If I did the math about how many calories I consume unnecessarily each week through this habit, I'll need to apply the Golden Rule to change my behavior. Unfortunately there is no set formula that will guarantee results, rather this principle is about the importance of awareness and trying to replace the old habit with a new, more intentional one. The Rule states that if you keep the initial cue, replace the routine, and keep the reward, change will eventually occur. The answer to the dilemma of how to stop eating candy during the work day isn't as simple as just stopping through sheer willpower. The neurological pathways of habit are so strong that a decision alone often isn't enough to change the routine. However, the routine can replaced.
Knowing how exactly to replace a habit takes self-reflection and experimentation. Usually it's not something that happens overnight. For example, for years I struggled to exercise consistently. I wanted the benefits of being more in shape and didn't want to buy larger clothes as my metabolism started to slow down. I tried exercising with aps or tv-based fitness programs, but never stuck with it more than a few times. I enjoyed cross-fit, but my ever-changing schedule made it hard for me to fit classes into my evenings. I decided to start small and set a goal that was both measurable but that still afforded me some flexibility. I challenged myself to run at least a marathon's worth of distance (26 miles) each month. I could take a day off here and there to accommodate my work schedule, and just doing a mile a day only took about 10 minutes (I'm slow!). That made it easy to incorporate into my daily schedule- no trips to the gym or special equipment needed other than the treadmill we had that was already collecting dust in our basement. At first, the habit was difficult to stick to. I got sick. I travelled. I had to plan when I would run to make sure I got my miles in for the month.

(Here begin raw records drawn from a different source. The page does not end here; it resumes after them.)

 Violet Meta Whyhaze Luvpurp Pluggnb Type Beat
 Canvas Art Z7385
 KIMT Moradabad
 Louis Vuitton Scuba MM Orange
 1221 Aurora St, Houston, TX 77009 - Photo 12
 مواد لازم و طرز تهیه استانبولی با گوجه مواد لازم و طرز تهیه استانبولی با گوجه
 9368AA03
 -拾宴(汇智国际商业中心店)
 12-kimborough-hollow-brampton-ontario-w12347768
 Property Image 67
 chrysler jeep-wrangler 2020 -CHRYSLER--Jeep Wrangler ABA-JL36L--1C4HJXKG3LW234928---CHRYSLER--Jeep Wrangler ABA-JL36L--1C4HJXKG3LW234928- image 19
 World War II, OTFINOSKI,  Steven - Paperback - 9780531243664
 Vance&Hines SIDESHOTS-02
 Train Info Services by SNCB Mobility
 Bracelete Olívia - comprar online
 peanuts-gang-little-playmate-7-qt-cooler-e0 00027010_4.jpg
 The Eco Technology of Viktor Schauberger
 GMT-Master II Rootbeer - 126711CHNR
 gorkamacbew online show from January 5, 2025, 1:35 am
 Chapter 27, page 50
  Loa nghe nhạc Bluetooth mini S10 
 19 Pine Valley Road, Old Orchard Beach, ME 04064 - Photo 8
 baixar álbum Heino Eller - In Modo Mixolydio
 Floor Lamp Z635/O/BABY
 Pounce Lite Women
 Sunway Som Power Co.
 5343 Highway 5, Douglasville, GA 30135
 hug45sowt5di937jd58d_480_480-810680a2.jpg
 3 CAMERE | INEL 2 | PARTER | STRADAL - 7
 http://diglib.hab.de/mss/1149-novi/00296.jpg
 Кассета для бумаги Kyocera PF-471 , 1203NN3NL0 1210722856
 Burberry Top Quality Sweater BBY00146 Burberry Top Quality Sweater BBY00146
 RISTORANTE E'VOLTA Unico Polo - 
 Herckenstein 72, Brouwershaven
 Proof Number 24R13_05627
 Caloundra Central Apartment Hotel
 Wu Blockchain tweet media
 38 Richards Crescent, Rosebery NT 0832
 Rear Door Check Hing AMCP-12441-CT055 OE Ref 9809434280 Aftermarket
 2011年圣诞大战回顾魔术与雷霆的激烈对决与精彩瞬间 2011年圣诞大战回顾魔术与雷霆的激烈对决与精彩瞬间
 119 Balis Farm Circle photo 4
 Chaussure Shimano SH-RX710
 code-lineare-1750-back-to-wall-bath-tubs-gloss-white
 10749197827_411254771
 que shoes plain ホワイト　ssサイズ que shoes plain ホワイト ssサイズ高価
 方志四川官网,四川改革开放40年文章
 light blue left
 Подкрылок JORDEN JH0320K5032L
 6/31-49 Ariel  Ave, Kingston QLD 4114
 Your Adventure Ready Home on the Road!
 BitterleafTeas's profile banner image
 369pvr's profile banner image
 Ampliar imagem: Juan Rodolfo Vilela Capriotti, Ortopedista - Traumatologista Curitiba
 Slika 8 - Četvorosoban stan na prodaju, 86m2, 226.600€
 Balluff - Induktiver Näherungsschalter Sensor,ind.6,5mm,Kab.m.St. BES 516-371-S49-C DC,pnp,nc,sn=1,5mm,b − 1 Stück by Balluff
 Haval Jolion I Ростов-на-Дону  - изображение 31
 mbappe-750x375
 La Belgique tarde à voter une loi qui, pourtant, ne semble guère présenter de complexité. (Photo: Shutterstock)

Eventually it got so easy that without thinking, I'd change into my workout clothes as soon as I got home and would knock out a mile or two before enjoying dinner. Not only did that behavior keep me from procrastinating, I found I actually ate less after working out and pushed to be done running quicker knowing I would get to eat. It was literally like dangling a steak in front of me while on the treadmill! In my first year of this behavior, I ran over 400 miles, which I never would have imagined I was capable of. At the end of each month I made it a habit to write down my mileage, which also felt good and reinforced the reward of my behavior. Now I'm consistently running 35-40 miles a month by increasing my mileage on certain days of the week.
So back to my initial question- is it possible to program your brain to take more risks? In short, yes. There just has to be a new routine and reward. That's what we're hoping to create through our #FearlessFriday posts on Facebook. By sharing your experience of bravery and receiving positive feedback from our Boss Lady network, it becomes motivating to keep taking action despite your fears.
I highly recommend this book if you are interested in starting a new habit or trying to break a troublesome routine. Taking time to reflect on your triggers and motivations will help set you up for success. And knowing how deeply our brain controls these patterns is important so you don't beat yourself up when you fail. The most important thing is understanding that these changes take time, and that you'll need to out-smart your own mind to implement behaviors that last.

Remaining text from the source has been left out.